In academia, there is less science to simulators, unfortunately. The popular academic computer architecture simulators like GEM5 do not correspond to any real hardware, and have not been validated in any meaningful way. Ideally, we would have a “computer architecture processor” that was fabbed and run and used, with an accompanying simulation model. In this case, the community would tweak the architecture and eventually fab a new generation… but that is an unachievable utopia.
Furthermore, simulators have bugs and things that they simply do not cover. When I was doing my PhD in the early 2000s, I did spend significant time trying to build accurate models of processors, and looking at what other people had done in the area. The results were not encouraging. Beyond very simple pipelines, it was very hard to get something really accurate – there are so many parallel and interdependent mechanisms in a processor that a small omission can blow up all the results if you happen on a piece of code that is “unbalanced”. Or if the code is simply different from code on which the simulator was tested and calibrated. Stepping outside the calibrated area of a simulation is fraught with danger, but people tend to forget this.

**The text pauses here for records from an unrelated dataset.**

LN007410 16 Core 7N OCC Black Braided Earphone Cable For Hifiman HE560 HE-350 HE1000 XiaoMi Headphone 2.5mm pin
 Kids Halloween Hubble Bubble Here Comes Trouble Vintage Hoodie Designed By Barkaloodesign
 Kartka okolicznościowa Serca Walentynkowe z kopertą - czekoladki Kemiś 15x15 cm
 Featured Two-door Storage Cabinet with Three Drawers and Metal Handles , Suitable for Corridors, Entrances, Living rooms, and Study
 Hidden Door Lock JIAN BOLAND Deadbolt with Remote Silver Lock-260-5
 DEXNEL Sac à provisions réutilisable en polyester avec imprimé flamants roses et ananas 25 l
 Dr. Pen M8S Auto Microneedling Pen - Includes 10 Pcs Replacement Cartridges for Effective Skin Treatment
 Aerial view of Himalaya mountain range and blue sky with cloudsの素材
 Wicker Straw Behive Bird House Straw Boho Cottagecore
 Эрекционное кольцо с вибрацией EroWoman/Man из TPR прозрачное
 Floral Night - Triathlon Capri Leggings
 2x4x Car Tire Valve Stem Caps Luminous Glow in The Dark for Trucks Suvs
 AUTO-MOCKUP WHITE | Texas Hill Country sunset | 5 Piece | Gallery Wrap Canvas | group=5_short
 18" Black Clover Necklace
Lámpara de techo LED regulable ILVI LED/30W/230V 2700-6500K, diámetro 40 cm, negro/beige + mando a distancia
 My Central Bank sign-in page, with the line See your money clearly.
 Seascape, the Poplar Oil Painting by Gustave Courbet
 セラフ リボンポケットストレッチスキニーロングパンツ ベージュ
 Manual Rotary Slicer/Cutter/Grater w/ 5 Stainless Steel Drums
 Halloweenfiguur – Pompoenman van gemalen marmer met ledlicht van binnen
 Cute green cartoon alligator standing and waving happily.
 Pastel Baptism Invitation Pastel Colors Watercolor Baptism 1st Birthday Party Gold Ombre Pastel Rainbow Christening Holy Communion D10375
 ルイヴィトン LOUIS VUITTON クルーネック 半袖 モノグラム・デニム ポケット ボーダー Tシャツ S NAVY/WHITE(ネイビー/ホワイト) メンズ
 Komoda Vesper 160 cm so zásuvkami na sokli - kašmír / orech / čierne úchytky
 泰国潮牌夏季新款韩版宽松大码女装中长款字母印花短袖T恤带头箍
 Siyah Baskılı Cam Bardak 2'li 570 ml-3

That’s a long problem statement. Is there a solution?
In the article, the authors push hard for what they call “first-order models” – i.e., simpler models that capture the significance of an idea without digging into details too much, capturing the main effect of an idea without bothering too much with secondary effects. With such a model, it is easier to explain the rationale and concept behind a new mechanism or tweak. By creating a model of the essence, you should end up with a simple, understandable, and powerful model that can be used to reason about the idea. If instead everything is immediately turned into code inside a processor simulation framework, you lose the high-level view, and you get lost in details. By removing irrelevant details, an idea can be evaluated on its own – without being affected by the thousands of other design decisions that are embodied in the code of an existing simulator. It actually makes it easier for people to understand the value of an idea.
This makes a ton of sense.
Simulation does have its place, but its use needs to be informed. Simulators have to be at a suitable level of abstraction. Sometimes, it is enough to run at a functional level just counting instructions. Sometimes, it makes sense to count cycles in a detailed pipeline model. Sometimes, you just want to simulate on-chip network and communications delays with stubbed nodes. It depends on what you study and what you want to measure!
Finally, the one thing I did not like about the paper was the title. I personally think that “X considered harmful” should be considered harmful. Dijkstra did a great thing, but most articles borrowing the title since then have not been at the same level. Just leave it.